O realizador, de 33 anos, explica-nos que YWY é sobre um mundo em que as pessoas estão mais preocupadas com os direitos digitais do que com os direitos dos indígenas. “A soja, o milho transgénico, provoca uma profunda alteração na paisagem brasileira. O filme é um diálogo sobre o que poderão ser os outros futuros da América Latina.”
Sobre a nova secção Futuro, o realizador, há seis anos a viver em Nova Iorque, acha “óptimo” o modelo. “É muito importante, porque quebra um bocado o ritmo da feira, que não é o ambiente ideal para ver arte.”
Um sentimento de “solidariedade e troca” entre os artistas, com os trabalhos a contaminarem-se uns aos outros, é o que o pintor Hugo Canoilas, 40 anos, destaca no espaço novo. Imagina que as primeiras feiras de arte internacionais quando surgiram, como a ArtCologne surgida no final dos anos 60, tenham parecido algo de semelhante. “Todos a conversar, numa situação confortável. Com artistas, galerista e coleccionadores misturados, sem estar cada um no seu espaço fechado e sentindo uma energia especial.” Vista daqui, a feira parece-lhe mais “fresca e divertida”, “com um nível de heterogeneidade salutar”.
No trabalho que apresenta em Madrid, uma pintura gigante em que cabem três dinossauros, Fossil gaze-missile gaze (2018), Canoilas representa igualmente o mundo natural (ou a imagem dele), mas a obra também não é o que parece ser.

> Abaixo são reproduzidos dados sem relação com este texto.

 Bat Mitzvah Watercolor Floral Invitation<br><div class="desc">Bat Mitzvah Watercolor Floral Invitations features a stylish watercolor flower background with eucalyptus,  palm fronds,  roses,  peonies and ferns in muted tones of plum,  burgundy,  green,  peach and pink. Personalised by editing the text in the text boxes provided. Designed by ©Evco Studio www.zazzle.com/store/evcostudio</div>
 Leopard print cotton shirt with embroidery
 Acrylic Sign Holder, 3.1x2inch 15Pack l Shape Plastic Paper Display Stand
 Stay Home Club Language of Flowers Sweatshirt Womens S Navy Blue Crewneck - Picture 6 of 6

Aqui, o futuro da pintura, a forma de suspender os seus problemas históricos, fá-lo igualmente olhar para o passado. Parece que recuamos até ao universo paleontológico, mas o que estamos a ver é a ampliação de uma imagem de um livro de ilustrações, que é transformada numa pintura que ganha qualidades abstractas quando atinge os seis metros de altura por mais de sete metros de largura. “Essa imagem feita permite-me desenvolver um conjunto de coisas que não são visíveis. Uma pequena mancha de cor consegue uma certa liberdade, sabendo que a imagem feita está a funcionar. Vão acontecendo coisas na tinta que decidem coisas na pintura. São gestos altamente violentos, mas sustidos por uma imagem. Há um lado muito sublime de eu decidir e ser o gesto final, porque os erros não podem ser apagados.”
A espanhola Eva Fàbregas, 29 anos, mostra três esculturas insufláveis, que exploram o erotismo dos objectos de consumo. Tal como na sua exposição na Fundação Miró em Barcelona, estes são objectos que apelam ao uso e que têm uma componente áudio: “As esculturas convidam-nos a deitar e relaxar. Começamo-nos a fundirmo-nos com elas e a transformarmo-nos na própria escultura.”
Eva Fàbregas também está muito impressionada com o novo espaço: “É muito difícil fazer uma exposição dentro da feira. Aqui criam-se diálogos, porque os stands normais não permitem às pessoas conhecerem-se.”
Na quinta-feira, ecoando as palavras da artista espanhola, a maioria dos galeristas portugueses contactados pelo PÚBLICO ainda não tinham tido tempo para ver a nova secção.